[Brief descriptive captions]

---------------

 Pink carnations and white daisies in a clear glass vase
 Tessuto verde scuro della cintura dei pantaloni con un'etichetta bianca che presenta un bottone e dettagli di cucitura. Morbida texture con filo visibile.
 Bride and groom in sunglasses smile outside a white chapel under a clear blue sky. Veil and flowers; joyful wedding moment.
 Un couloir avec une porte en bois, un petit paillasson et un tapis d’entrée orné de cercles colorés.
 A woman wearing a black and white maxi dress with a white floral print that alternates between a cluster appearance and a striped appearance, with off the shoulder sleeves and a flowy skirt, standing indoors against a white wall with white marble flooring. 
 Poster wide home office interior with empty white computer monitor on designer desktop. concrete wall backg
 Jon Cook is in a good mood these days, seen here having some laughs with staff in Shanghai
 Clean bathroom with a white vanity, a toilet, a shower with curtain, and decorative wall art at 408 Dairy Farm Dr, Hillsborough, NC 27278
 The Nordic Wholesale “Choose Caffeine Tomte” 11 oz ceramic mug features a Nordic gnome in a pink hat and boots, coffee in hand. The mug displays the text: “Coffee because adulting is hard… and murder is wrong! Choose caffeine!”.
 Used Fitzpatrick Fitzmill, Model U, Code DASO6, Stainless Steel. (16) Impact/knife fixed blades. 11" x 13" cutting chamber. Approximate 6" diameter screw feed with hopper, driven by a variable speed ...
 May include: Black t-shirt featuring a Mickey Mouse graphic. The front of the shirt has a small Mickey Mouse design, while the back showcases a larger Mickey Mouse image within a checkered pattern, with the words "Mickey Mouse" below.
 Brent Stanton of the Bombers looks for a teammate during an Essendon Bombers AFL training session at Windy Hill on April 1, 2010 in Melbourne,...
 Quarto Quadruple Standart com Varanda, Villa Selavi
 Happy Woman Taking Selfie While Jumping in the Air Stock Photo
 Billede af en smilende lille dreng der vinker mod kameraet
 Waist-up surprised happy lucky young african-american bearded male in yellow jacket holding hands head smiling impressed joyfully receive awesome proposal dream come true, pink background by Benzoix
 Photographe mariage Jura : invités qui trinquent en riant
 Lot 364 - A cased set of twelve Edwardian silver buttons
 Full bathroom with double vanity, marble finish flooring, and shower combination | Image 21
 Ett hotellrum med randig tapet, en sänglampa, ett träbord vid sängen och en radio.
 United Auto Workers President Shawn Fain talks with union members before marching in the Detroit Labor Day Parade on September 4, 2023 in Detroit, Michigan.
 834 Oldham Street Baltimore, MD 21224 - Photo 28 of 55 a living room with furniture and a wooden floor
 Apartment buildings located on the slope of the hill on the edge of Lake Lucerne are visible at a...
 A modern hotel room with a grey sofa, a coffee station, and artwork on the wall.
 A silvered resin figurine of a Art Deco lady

---------------

# What the exercise asks:
Go through the records from the first line and copy each one exactly, ending after the line that contains "Poster wide home". Give nothing else.

# Output of the exercise:
 Pink carnations and white daisies in a clear glass vase
 Tessuto verde scuro della cintura dei pantaloni con un'etichetta bianca che presenta un bottone e dettagli di cucitura. Morbida texture con filo visibile.
 Bride and groom in sunglasses smile outside a white chapel under a clear blue sky. Veil and flowers; joyful wedding moment.
 Un couloir avec une porte en bois, un petit paillasson et un tapis d’entrée orné de cercles colorés.
 A woman wearing a black and white maxi dress with a white floral print that alternates between a cluster appearance and a striped appearance, with off the shoulder sleeves and a flowy skirt, standing indoors against a white wall with white marble flooring. 
 Poster wide home office interior with empty white computer monitor on designer desktop. concrete wall backg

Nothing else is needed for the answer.